■ Working data:
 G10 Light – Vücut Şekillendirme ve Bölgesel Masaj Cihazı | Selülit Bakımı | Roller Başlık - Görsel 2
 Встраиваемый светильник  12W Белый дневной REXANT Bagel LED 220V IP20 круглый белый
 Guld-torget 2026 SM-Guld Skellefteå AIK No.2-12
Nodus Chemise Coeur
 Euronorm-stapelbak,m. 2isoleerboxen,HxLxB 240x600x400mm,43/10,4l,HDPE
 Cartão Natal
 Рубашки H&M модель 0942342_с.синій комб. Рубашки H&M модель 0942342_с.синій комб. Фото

--

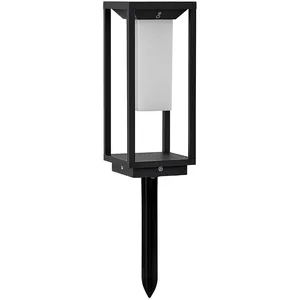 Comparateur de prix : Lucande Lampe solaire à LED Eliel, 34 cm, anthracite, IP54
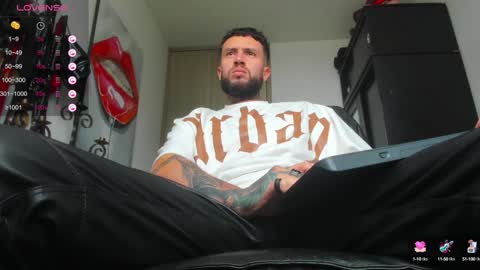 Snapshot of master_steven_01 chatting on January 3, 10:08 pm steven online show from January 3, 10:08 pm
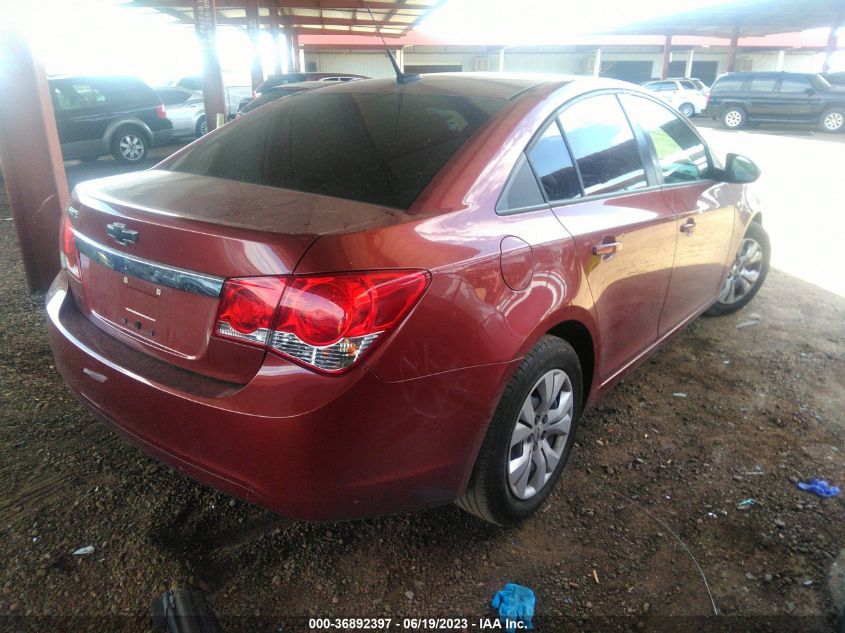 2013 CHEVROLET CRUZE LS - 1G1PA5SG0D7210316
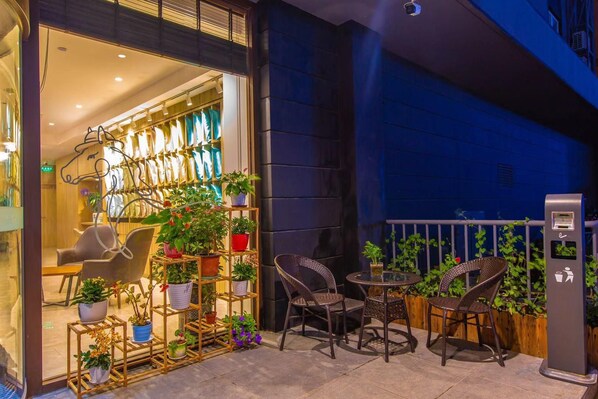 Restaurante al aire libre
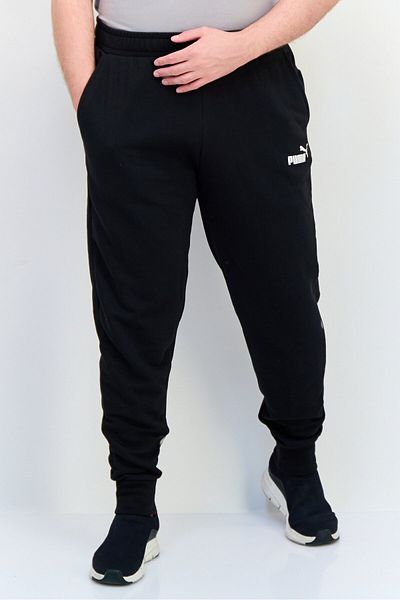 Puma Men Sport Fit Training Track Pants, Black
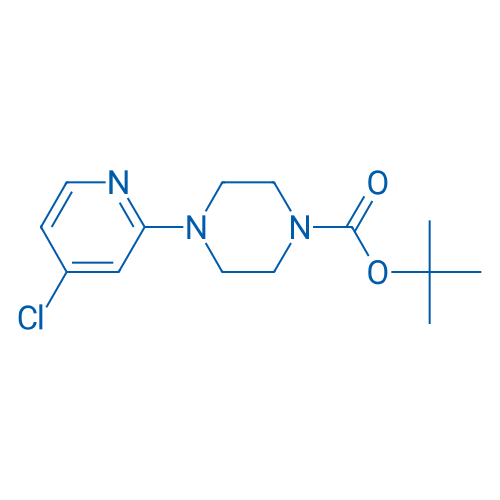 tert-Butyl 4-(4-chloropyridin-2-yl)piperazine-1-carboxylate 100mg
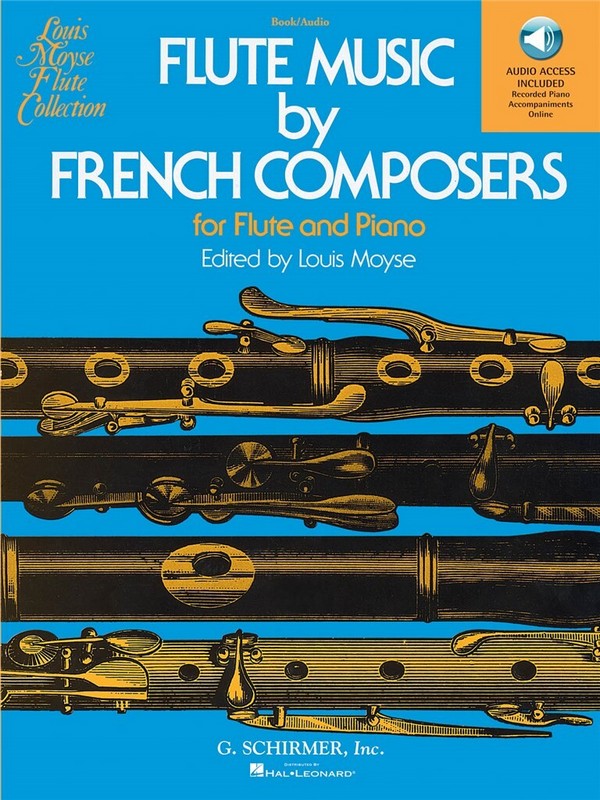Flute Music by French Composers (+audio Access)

■ Instructions for the task: Return word for word the lines above from the line with "IP20 круглый белый" to the line with "Рубашки H&M модель 0942342_с.синій комб. Рубашки", including both and leaving out all others.

■ Result below:
 Встраиваемый светильник  12W Белый дневной REXANT Bagel LED 220V IP20 круглый белый
 Guld-torget 2026 SM-Guld Skellefteå AIK No.2-12
Nodus Chemise Coeur
 Euronorm-stapelbak,m. 2isoleerboxen,HxLxB 240x600x400mm,43/10,4l,HDPE
 Cartão Natal
 Рубашки H&M модель 0942342_с.синій комб. Рубашки H&M модель 0942342_с.синій комб. Фото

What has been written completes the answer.